▶ **Task requirements**
Transcribe, exactly and without pictures, the lines below from the line with "Фото 8 - Audi A6L" to the line with "Neu Citroën C4", both ends included, and no others.

Segment Start: Working data

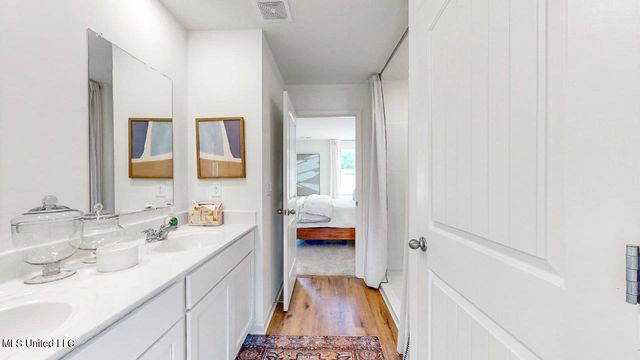 29 Sealy Drive, Byhalia, MS 38611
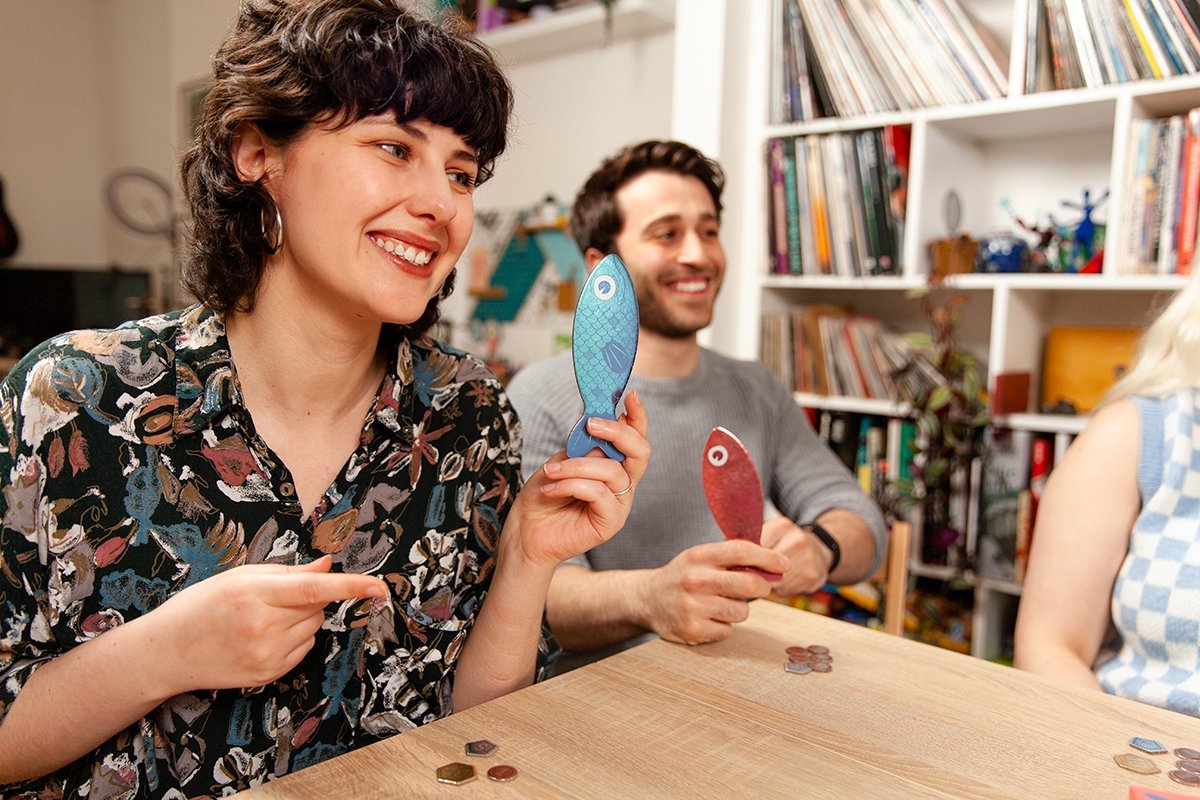 999 Games - Sounds Fishy - Partyspel - Kun jij je pokerface bewaren? - Gezelschapsspel - Nederlandstalig - Klein cadeautje — afbeelding 16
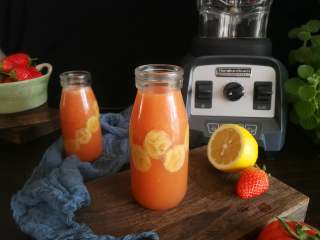 8、果蔬汁,果蔬汁特别细腻,基本没有气泡。尝一口甜丝丝的,细腻无渣,在这个困意绵绵的春天来上一杯新鲜的果蔬汁,整个人都神清气爽。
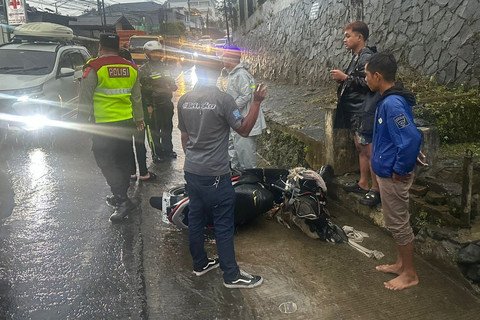 Pemotor Terseret Arus Saat Hujan Deras di Cianjur Pemotor Terseret Arus Saat Hujan Deras di Cianjur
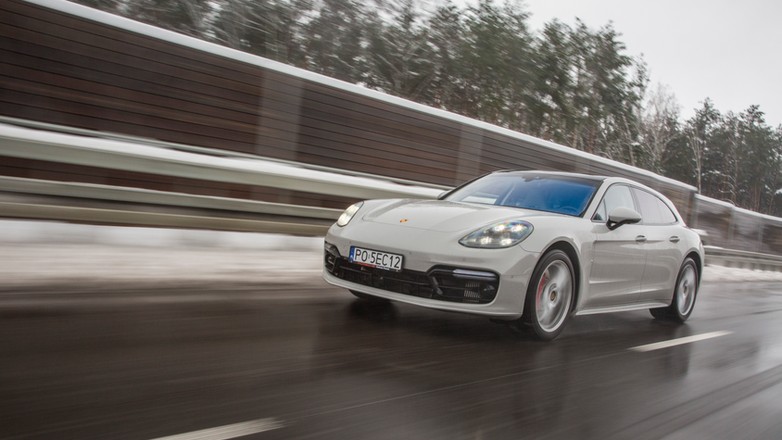 Porsche Panamera Sport Turismo Turbo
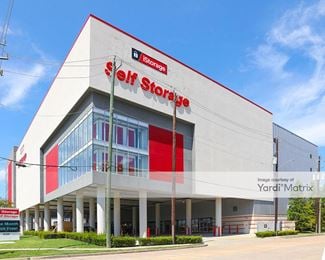 Photo 1 of iStorage - 10200 Katy Fwy, Houston, TX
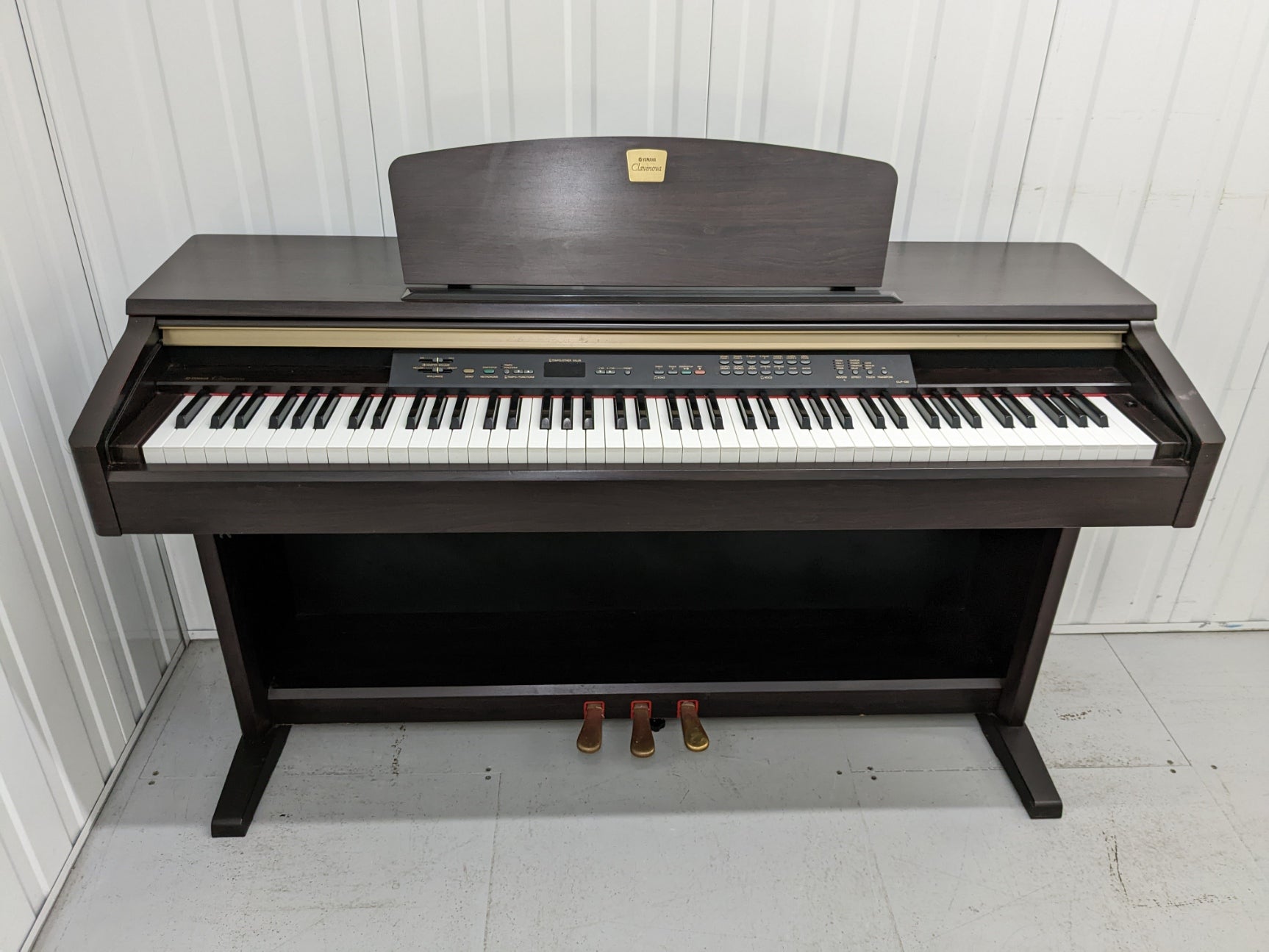 Yamaha Clavinova CLP-120 Digital Piano in rosewood stock # 22337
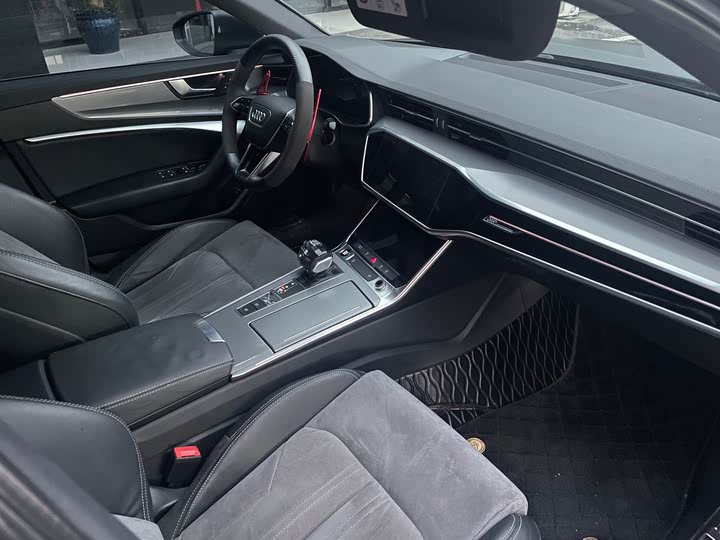 Фото 8 - Audi A6L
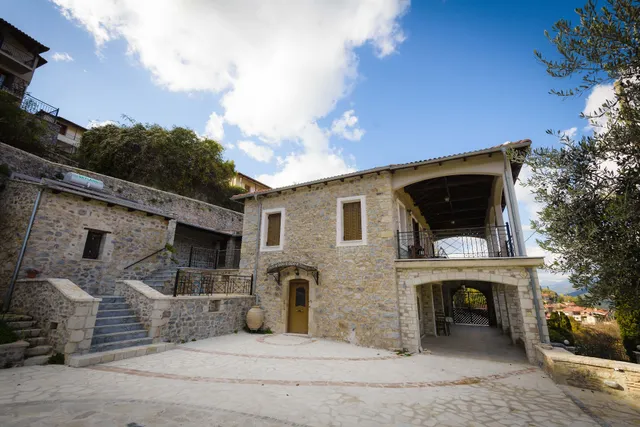 Arhontiko Gkintoni | Αρχοντικό Γκιντώνη | Ξενώνας Λεβίδι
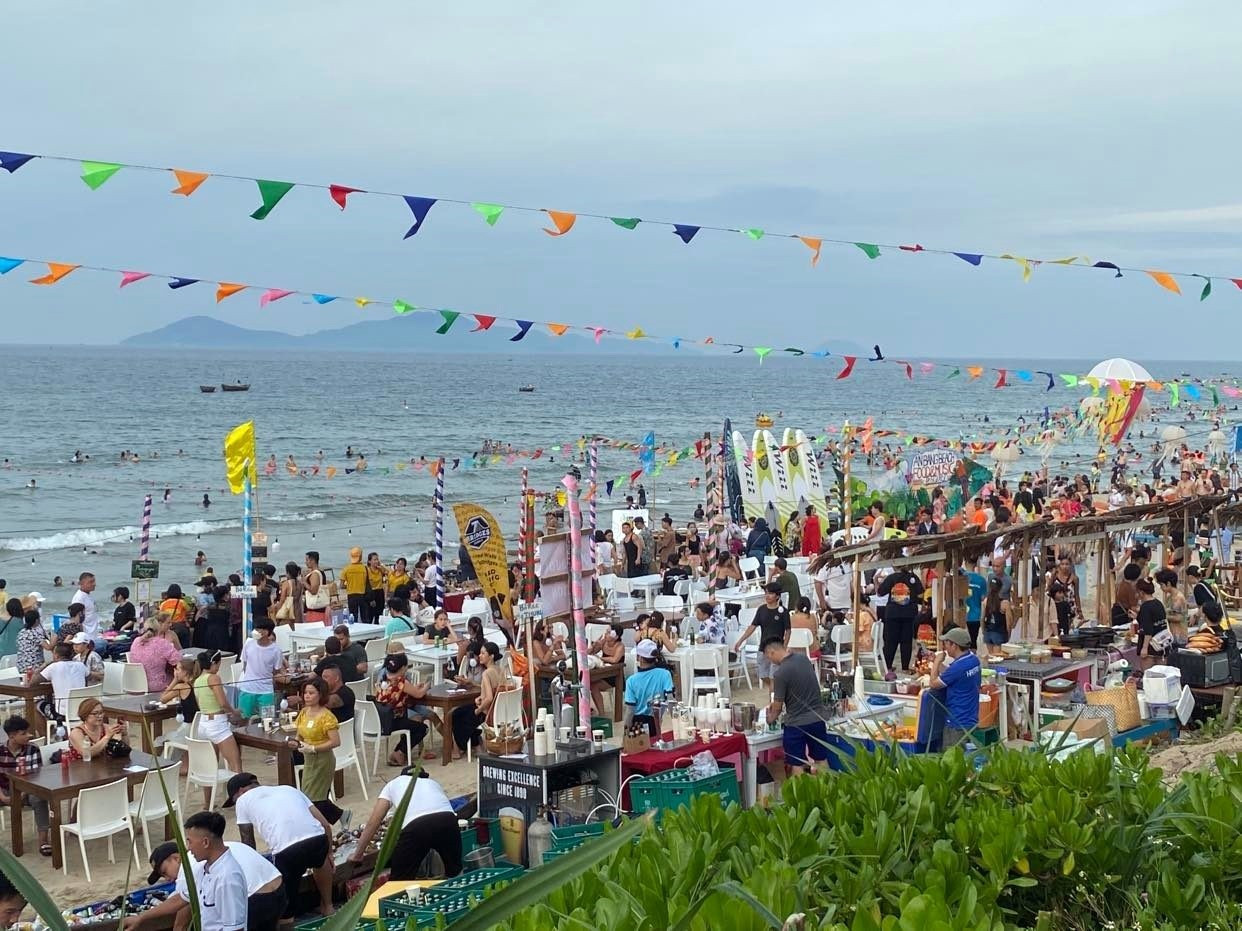 Hàng nghìn du khách đã tham gia lễ hội biển An Bàng. Ảnh: V.L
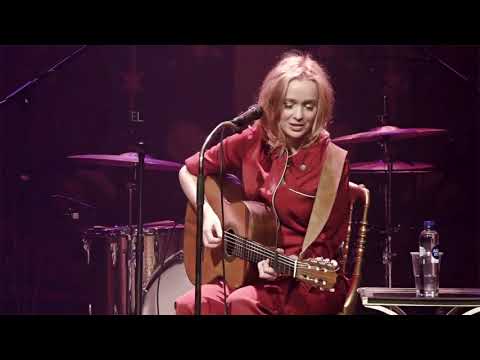 LISA EKDAHL - HON FÖRTJÄNAR  HELA HIMLEN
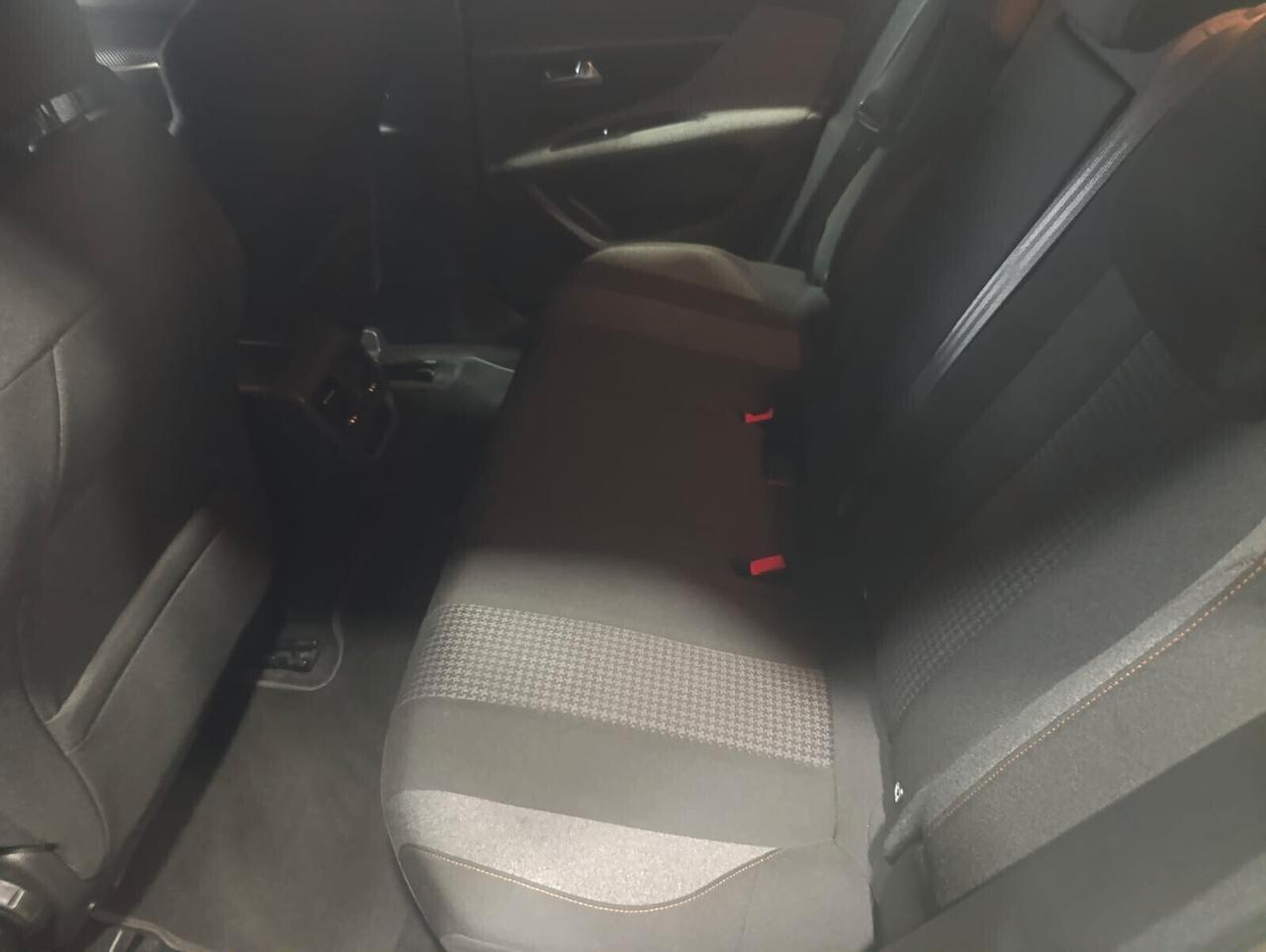 Peugeot 3008 del 2018 EURO 6 B cambio automatico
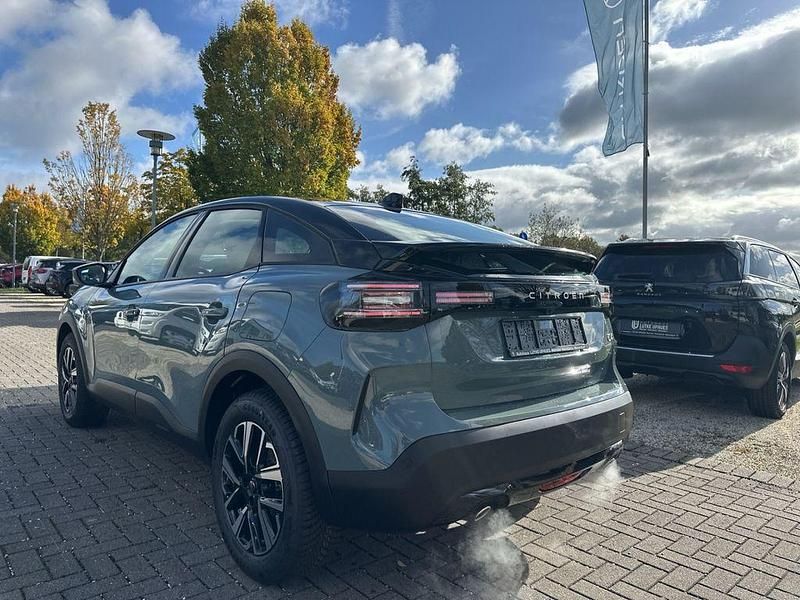 Neu Citroën C4 PureTech 131 PS (96 kW) 2025 Grün Limousine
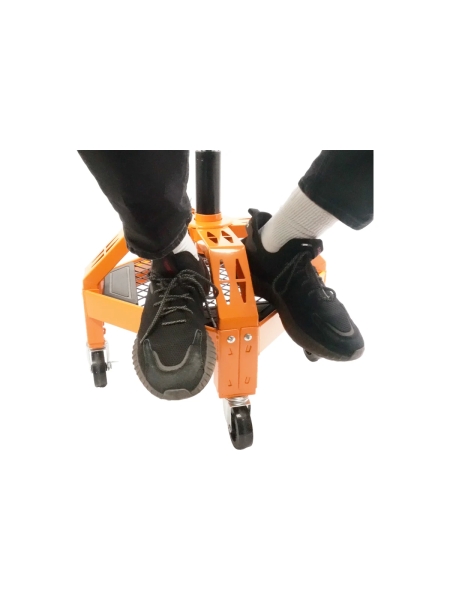 Рабочий стул для автослесаря WIEDERKRAFT с лотком для инструмента WDK-86016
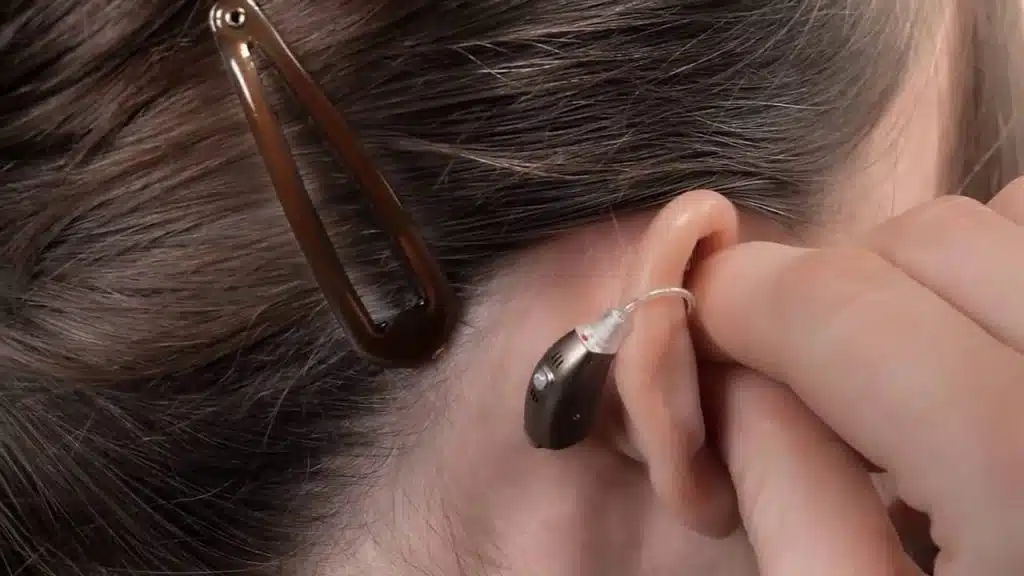 سماعات علاج ضعف السمع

Segment End: Working data

▶ **Problem solution**
 Фото 8 - Audi A6L
 Arhontiko Gkintoni | Αρχοντικό Γκιντώνη | Ξενώνας Λεβίδι
 Hàng nghìn du khách đã tham gia lễ hội biển An Bàng. Ảnh: V.L
 LISA EKDAHL - HON FÖRTJÄNAR  HELA HIMLEN
 Peugeot 3008 del 2018 EURO 6 B cambio automatico
 Neu Citroën C4 PureTech 131 PS (96 kW) 2025 Grün Limousine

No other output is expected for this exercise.